Una promessa, oppure una minaccia? Sono destinate a far discutere le ultime dichiarazioni di Guido Bertolaso che assicura che, se a Roma verrà eletto, sarà un sindaco-sceriffo. Il candidato a prima cittadino della Capitale continua intanto a dividere il centrodestra, creando forti dissapori tra Silvio Berlusconi e Matteo Salvini.

In una nuova intervista concessa al CorriereLive, Guido Bertolaso ha indicato come suo modello di riferimento l’ex sindaco di New York Rudolph Giuliani: “Sarò un sindaco sceriffo? Avrò tolleranza zero contro il degrado. Ho lavorato con Rudolph Giuliani, quando ero il numero due dell’Unicef. Roma ha bisogno di un Giuliani. Tempo fa mi spiegava la teoria dei vetri. E mi diceva: un vetro rotto in un palazzo ne chiamerà sempre un altro. Lo stesso discorso vale per i cassonetti, le buche, il degrado. Se io sindaco me ne sto chiuso in Campidoglio, non giro la città, non do l’esempio, non evito le doppie file, non controllo i mezzi pubblici, insomma se io me ne frego, è ovvio che se ne fregano tutti”.

Bertolaso ha poi spiegato quali sono i suoi obiettivi, nel caso venisse eletto come successore di Ignazio Marino: “La cosa più importante che vorrei realizzare è eliminare il degrado, ripristinare le regole e i diritti dei cittadini. Vorrei evitare le seconde file. Far funzionare i mezzi pubblici”.

Giudo Bertolaso sostiene inoltre che: “Roma è una città umiliata. In passato ho detto bombardata e terremotata, ma è successo un pandemonio. Non faccio voli pindarici, voglio ridare la normalità ai romani. Mettere 6.500 vigili urbani in strada oggi chiusi in ufficio. Anche loro devono entrare nel comparto sicurezza, devono diventare i nostri Marines per garantire la viabilità e il traffico. Le persone che sbagliano devono essere sanzionate”.
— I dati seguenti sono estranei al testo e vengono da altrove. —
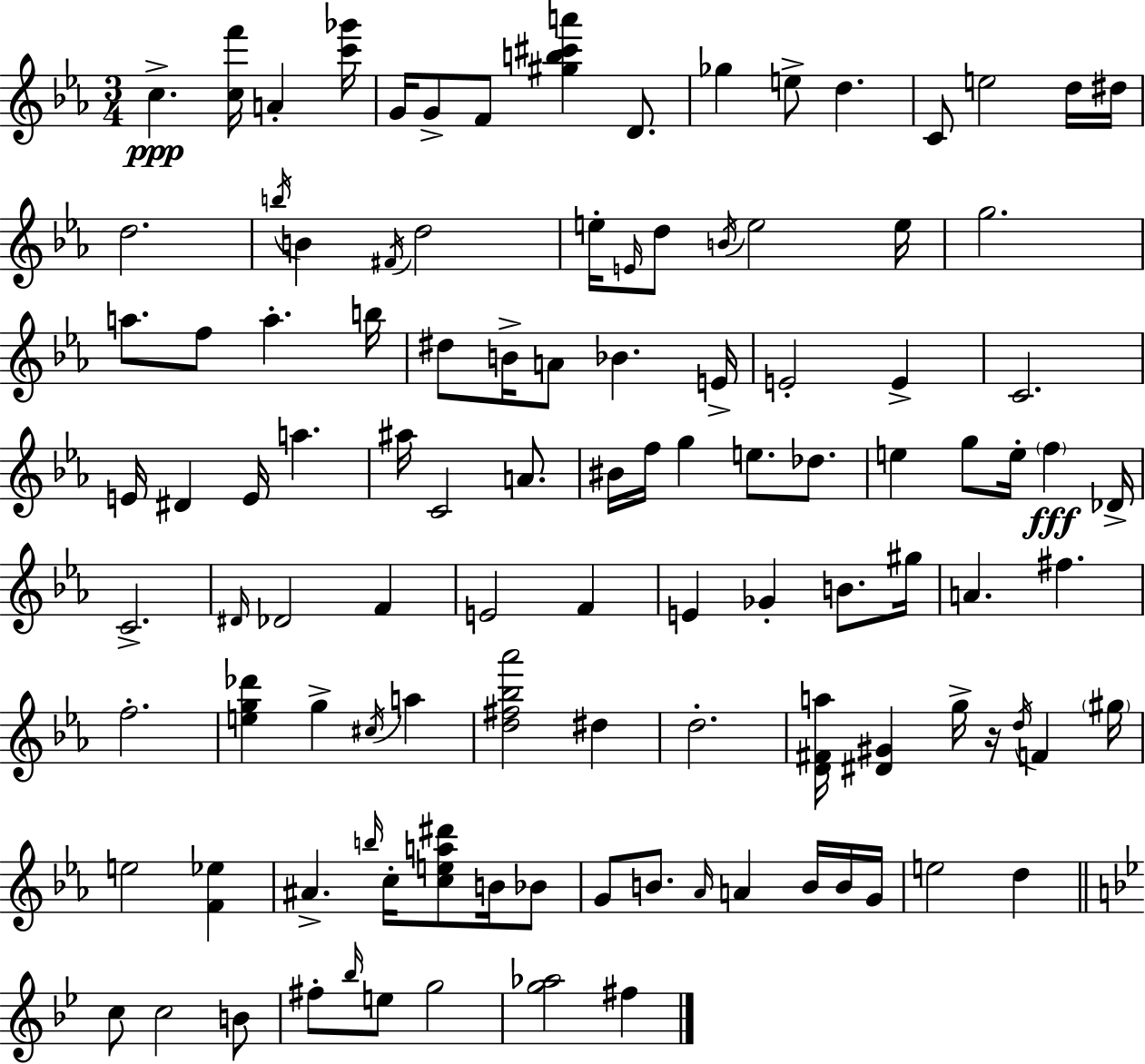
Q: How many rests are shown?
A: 1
La sua candidatura a sindaco di Roma continua però a non trovare l’appoggio del leader della Lega Nord Matteo Salvini. Bertolaso comunque preferisce non entrare nella polemica: “Non ne so nulla, non sto seguendo le questioni politiche. Sto girando la città, mi sto occupando del programma e dei romani, sto seguendo il disagio diffuso in tutta Roma”.

Nonostante l’opposizione di Salvini, Silvio Berlusconi sostiene sempre fortemente la candidatura di Bertolaso: “Alle Comunali di Roma vincerà Guido Bertolaso al primo turno. […] Il voto di giugno potrà essere un primo avviso di sfratto al governo, non eletto, di Renzi”.

Quanto al leader della Lega Nord, Berlusconi ha detto: “Temo che Salvini negli ultimi giorni sia stato malconsigliato. Si è fatto trascinare in un gioco di veti e antipatie personali tra esponenti della politica romana”.